Les dernières semaines sont encore rendues plus terribles par l'apparition du typhus, comme le relate le docteur Weil.

« Ce fut une épouvantable hécatombe. Le camp perdit quotidiennement au cours des dernières semaines 2,5 % de ses effectifs. Bien qu'il n'y eût plus de meurtres systématiques, les fours crématoires se révélèrent insuffisants pour absorber l'énorme monceau de morts qu'on y apportait tous les jours. Les autorités du camp firent faire d'immenses bûchers dans la forêt. Aucun malade atteint du typhus n'était reçu à l'infirmerie. Les premiers temps, l'état-major du camp se contenta d'établir des ceintures de barbelés autour des Blocks contaminés. Chez les femmes juives, la typhoïde s'ajouta au typhus. Un Block, le trop fameux Block 30, fut réservé aux moribondes. On y entassa les malades sur la terre, sans literie, et chaque matin des volontaires venaient ramasser une moyenne de 200 mortes. Tous ceux qui visitèrent ce lieu affirmèrent qu'il n'exista jamais quelque chose d'équivalent en horreur à cette baraque où les femmes étaient couchées sur des déjections d'une vingtaine de centimètres de hauteur. »

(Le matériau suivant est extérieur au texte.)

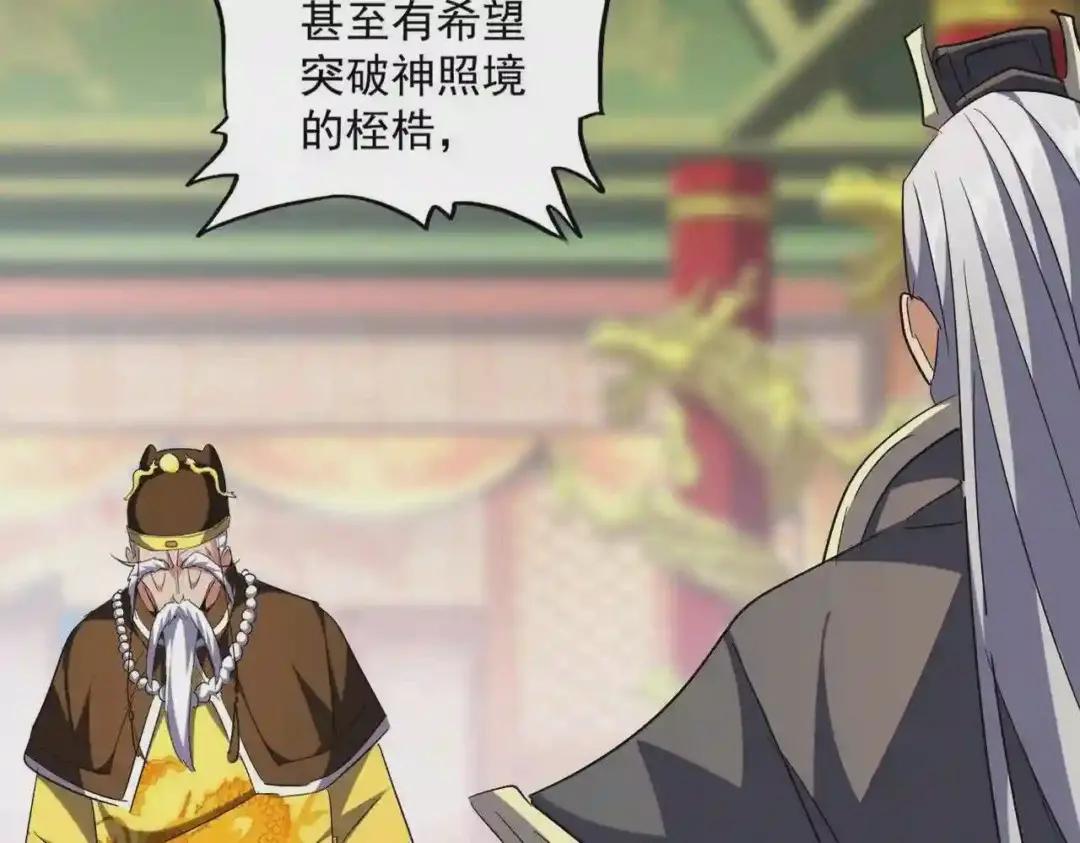 第253话 皇帝的支持 第98页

Le 25 janvier 1945, l'évacuation est décidée car l'armée Rouge approche. A pied, dans la neige, sans nourriture, dans les conditions effroyables déjà décrites, les " colonnes de la mort " se dirigent vers la Poméranie. Lorsque les soldats soviétiques arrivent dans le camp, ils ne trouvent plus que 385 moribonds.

Conclusion

L'effectif du KZ de Stutthof est passé de 37 000 déportés en février 1944 à 77 000 en août. Il n'est plus que de 50 000 en décembre 1944 en raison des massacres et du typhus. Le nombre total des détenus a été de 120 000 environ. Le nombre des morts a été évalué à 85 000. Comme Auschwitz, le prochain camp de concentration qui sera étudié, le KZ de Stutthof a donc bien été à la fois consacré à la production et plus encore à l'extermination.

Si l'on met à part les 150 Waffen SS français internés au camp en juin 1944 pour des raisons inconnues (peut-être pour désertion) et dont aucune trace n'a subsisté, les renseignements manquent sur les Français déportés à Stutthof. " Peu de Français ont été envoyés à Stutthof, écrit O. Wormser-Migot, tout au moins jusqu'à l'évacuation d'Auschwitz en janvier 1945, et à l'exception de quelques prisonniers évadés, de STO condamnés pour sabotage et de deux ou trois Alsaciens arrêtés en novembre 1941 et juin 1942, lors des rafles de l'université de Strasbourg à Clermont-Ferrand " (dont le docteur Paul Weil).